[Short web captions]
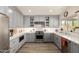 Bright kitchen with grey cabinets, stainless steel appliances, white subway tile backsplash, and open shelving at 10342 E Obispo Ave, Mesa, AZ 85212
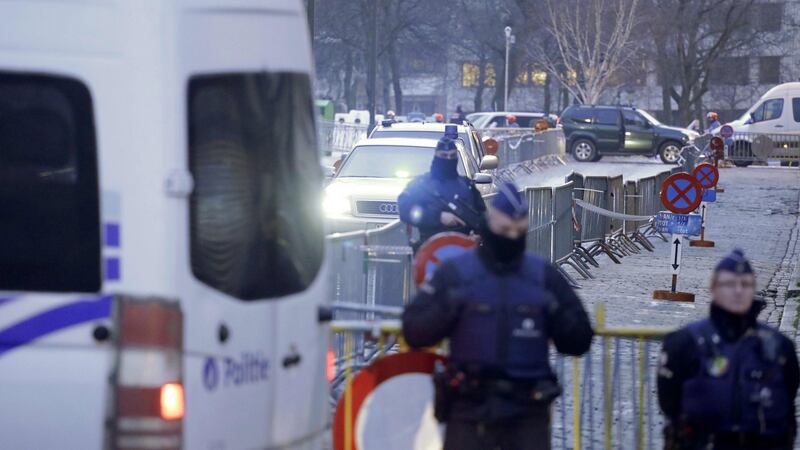 Police officers stand guard as vehicles arrive at the Palais de Justice courthouse in Brussels, on Monday. Photograph: Thierry Roge/AFP/Getty Images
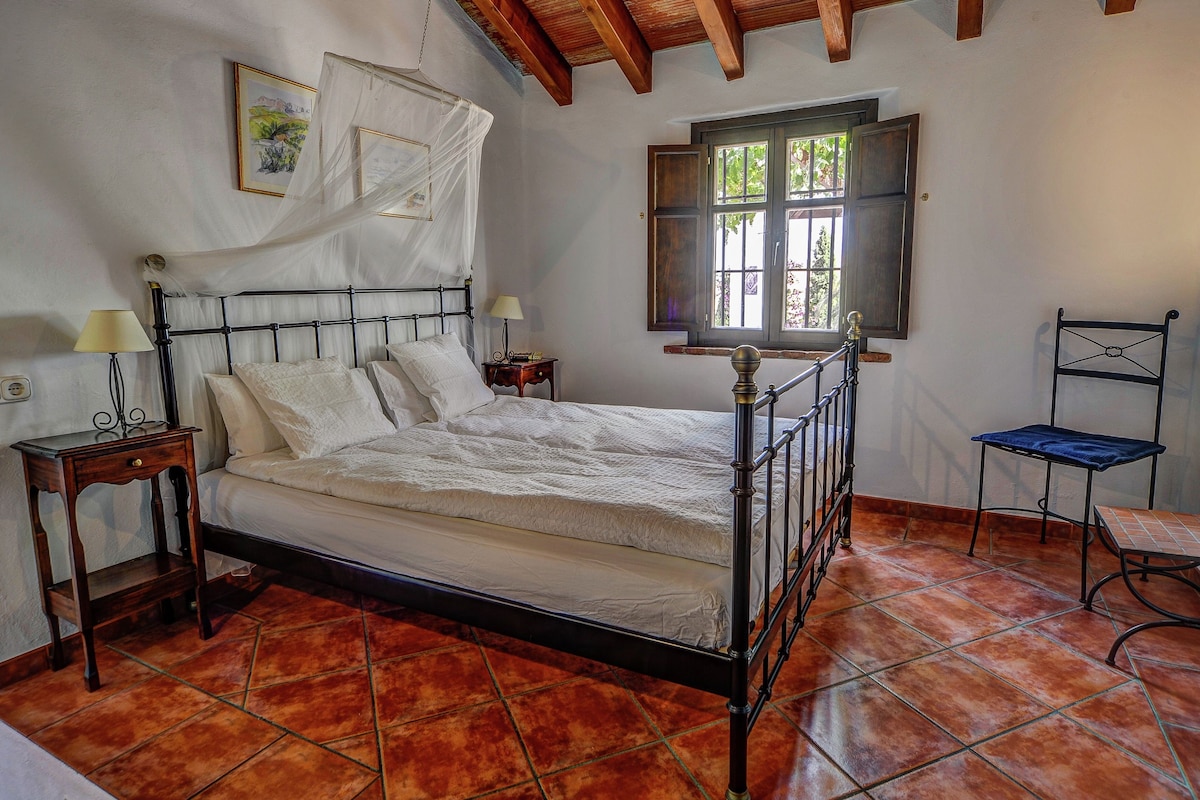 A bedroom with a bed, bedside tables, a chair, a window, and a wooden ceiling.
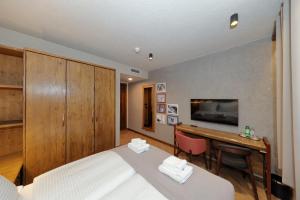 a bedroom with a bed and a desk and a television at Planinarski dom Vošac in Makarska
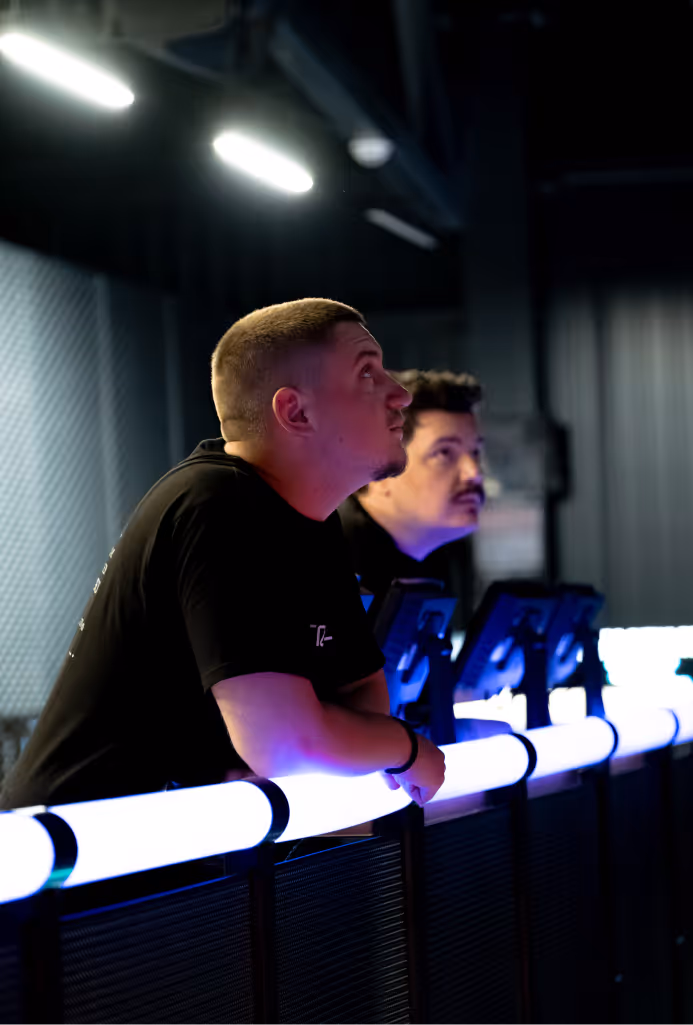 Two men leaning on a glowing railing in a dimly lit indoor space, looking upward thoughtfully.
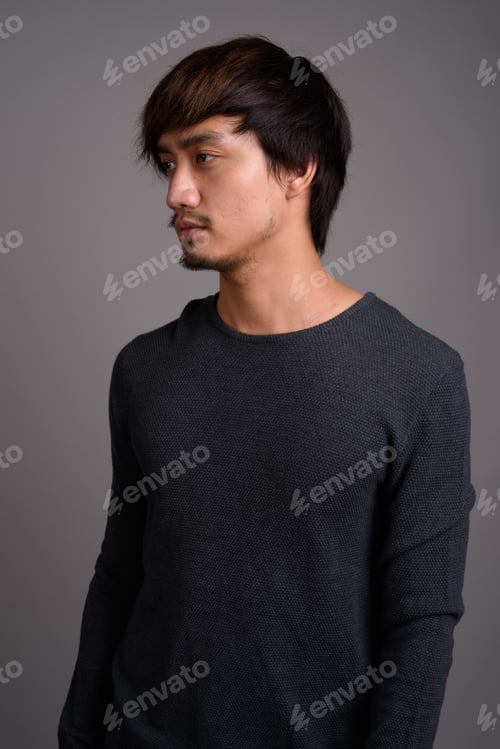 Preview: Young Asian man against gray background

### What to work on
Take the line containing "A bedroom with a bed, bedside" and every line after it through the end of the data, and write them out exactly, with no pictures.

### Output of the task
 A bedroom with a bed, bedside tables, a chair, a window, and a wooden ceiling.
 a bedroom with a bed and a desk and a television at Planinarski dom Vošac in Makarska
 Two men leaning on a glowing railing in a dimly lit indoor space, looking upward thoughtfully.
 Preview: Young Asian man against gray background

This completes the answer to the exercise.